More than $500 of the costs carried by Destination Orewa are to transport compostable waste to Tuakau, as Council has no composting facility. Ms Sood says as the collection of food scraps from residential properties in urban Auckland is introduced, the processing capacity for food waste will also increase locally over the next few years.
Mrs Wilkins says she received a very positive response from stallholders and local businesses to the zero waste initiative, which could lead to long term changes in local waste management. “A very high percentage of the mobile vendors and a good number of hospitality outlets said that they already work with recyclable or compostable food packaging,” she says. “A far higher number than we thought are already very conscious of the environment and waste impacts.
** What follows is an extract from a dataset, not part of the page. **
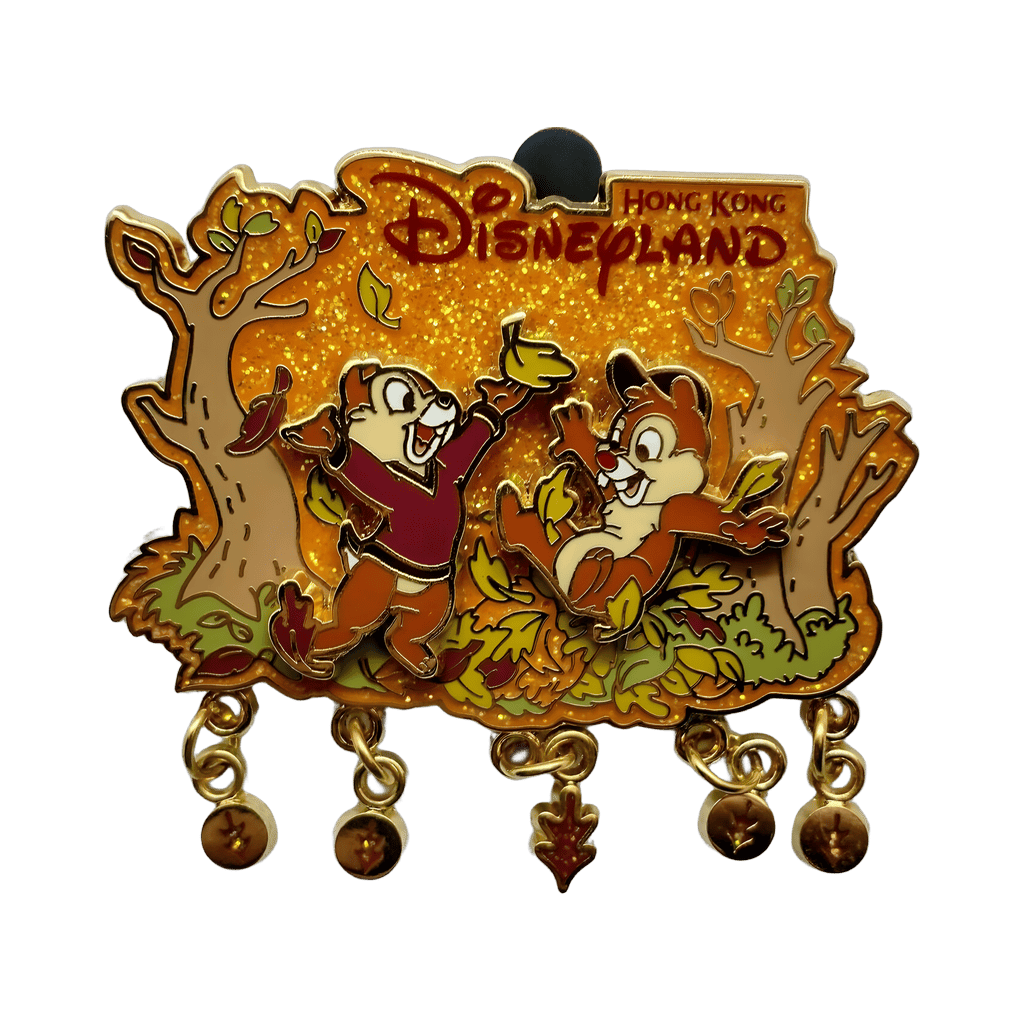 Chip and Dale in the Autumn Disney pin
This is great, as waste minimisation expectations will only increase in the future.”

She says Northern Zero Waste has been advising the businesses involved of products they can use to replace current products, over time, to help the environment. “Hopefully there will be some long term changes made throughout the hospitality sector in Orewa as a result of this initiative,” Mrs Wilkins says.

The Orewa Boulevard Arts Festival is on Saturday, February 17, 1pm–7pm.

Have your say
The draft of the updated version of the Council’s Waste Management and Minimisation Plan goes out for consultation from February 28 to March 28 (HM November 1, 2017). It includes increased charges for households and commercial operators who generate a lot of waste. The focus is on reducing construction and demolition waste, organic waste and plastics.